In (B), (F), and (H), boxed areas are enlarged in the insets. Scale bars: 200 μm (A, B, F, and H); 50 μm (D).

Fig. 4

Rap1b Promotes PLPM Cell Adhesion to Somitic Cells to Regulate HE Specification

(A) Confocal stack fluorescence images of PLPM cell migration in sibling (WT, upper) and rap1bncv124 (lower) Tg(fli1a:GFP) embryos at 14 hpf and the corresponding subsequent time-lapse images, obtained at the indicated time points (h:min). Dorsal views with anterior to the upper-left. Arrowheads indicate the cells that remained behind the group of migrating cells.

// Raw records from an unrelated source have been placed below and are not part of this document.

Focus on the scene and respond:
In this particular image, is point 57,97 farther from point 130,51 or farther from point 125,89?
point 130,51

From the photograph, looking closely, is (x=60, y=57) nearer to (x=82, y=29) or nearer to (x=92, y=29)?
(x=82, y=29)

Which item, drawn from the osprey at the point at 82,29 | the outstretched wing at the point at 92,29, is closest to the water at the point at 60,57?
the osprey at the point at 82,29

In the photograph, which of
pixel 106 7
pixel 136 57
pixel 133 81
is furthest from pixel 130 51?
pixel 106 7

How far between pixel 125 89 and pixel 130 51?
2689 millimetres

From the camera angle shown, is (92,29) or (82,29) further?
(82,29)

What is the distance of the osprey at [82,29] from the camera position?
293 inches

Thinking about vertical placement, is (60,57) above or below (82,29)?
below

(B) Confocal fluorescence images of 16 hpf sibling (WT, left) and rap1bncv124 (right) Tg(Myr-fli1a:GFP) embryos immunostained with anti-GFP and anti-Fn antibodies. Merged images of GFP (green) and Fn (white) in the xz-plane (lateral view with anterior to the left) and xy-plane (dorsal view with anterior to the left) are shown in the first and second rows, respectively. Dotted lines on the xz-planes indicate the position of the corresponding xy-planes. The boxed areas in the xy-planes are enlarged at the third (merged images) and fourth (GFP images) rows. The boxed areas in the enlarged images are further enlarged at the right. Arrow indicates membrane protrusion at the leading edge. Note that PLPM cells migrate along somite boundaries labeled by Fn staining.

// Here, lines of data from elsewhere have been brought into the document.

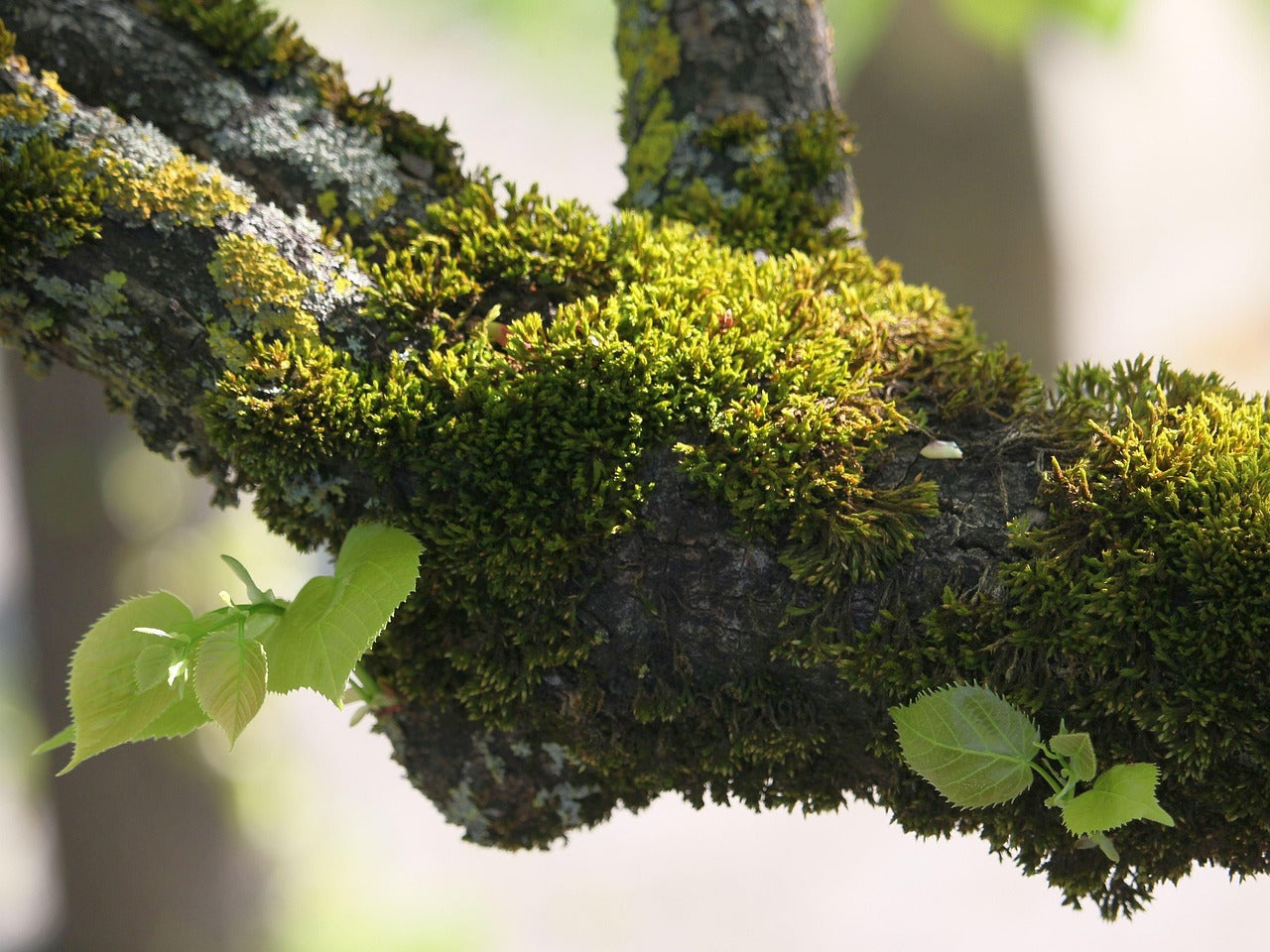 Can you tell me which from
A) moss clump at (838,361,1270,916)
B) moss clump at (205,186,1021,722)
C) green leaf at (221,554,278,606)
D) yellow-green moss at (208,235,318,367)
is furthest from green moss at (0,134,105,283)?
moss clump at (838,361,1270,916)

(C–E) Morphology of PLPM cells migrating along the somite boundaries, as observed in (B). Cell spreading areas (C), cell length relative to the direction of cell migration (D), and cell length perpendicular to the direction of cell migration (E). Each dot represents an individual cell. Error bars indicate means ± SD. Control MO, n = 39; rap1b MO, n = 30. ∗∗p < 0.01; ∗∗∗p < 0.001; n.s., not significant.

(F) Confocal fluorescence images of transverse sections in the posterior region of 16 hpf control MO- and rap1b MO-injected Tg(fli1a:Myr-GFP);(phldb1:mCherry) embryos immunostained with anti-GFP (green), anti-mCherry (red), and anti-β-catenin (blue) antibodies. Left, the merged images of GFP, mCherry, and β-catenin; right, enlarged merged images (upper) and enlarged GFP images (lower) corresponding to the boxed areas.

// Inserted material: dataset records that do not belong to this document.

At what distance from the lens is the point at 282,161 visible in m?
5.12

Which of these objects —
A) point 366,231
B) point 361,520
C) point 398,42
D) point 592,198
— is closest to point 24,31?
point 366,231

(G) Contact length of PLPM cells with somitic cells in the control MO- and rap1b MO-injected embryos, as observed in (F). Each dot represents an individual cell. Error bars indicate means ± SD. Control MO, n = 39; rap1b MO, n = 30. ∗∗∗p < 0.001.

(H) Expression patterns of runx1 in 26 hpf sibling (WT, left) and rap1bncv124 (right) embryos injected without (upper) or with dlc mRNA (middle) or dld mRNA (bottom).

(I) Percentage of embryos showing normal (blue) and decreased (pink) expression of runx1 in the AGM regions, as observed in (H). Uninjected WT, n = 18; Uninjected rap1bncv124, n = 16; dlc mRNA-injected WT, n = 15; dlc mRNA-injected rap1bncv124, n = 13; dld mRNA-injected WT, n = 10; dld mRNA-injected rap1bncv124, n = 19. p < 0.05; ∗∗p < 0.01.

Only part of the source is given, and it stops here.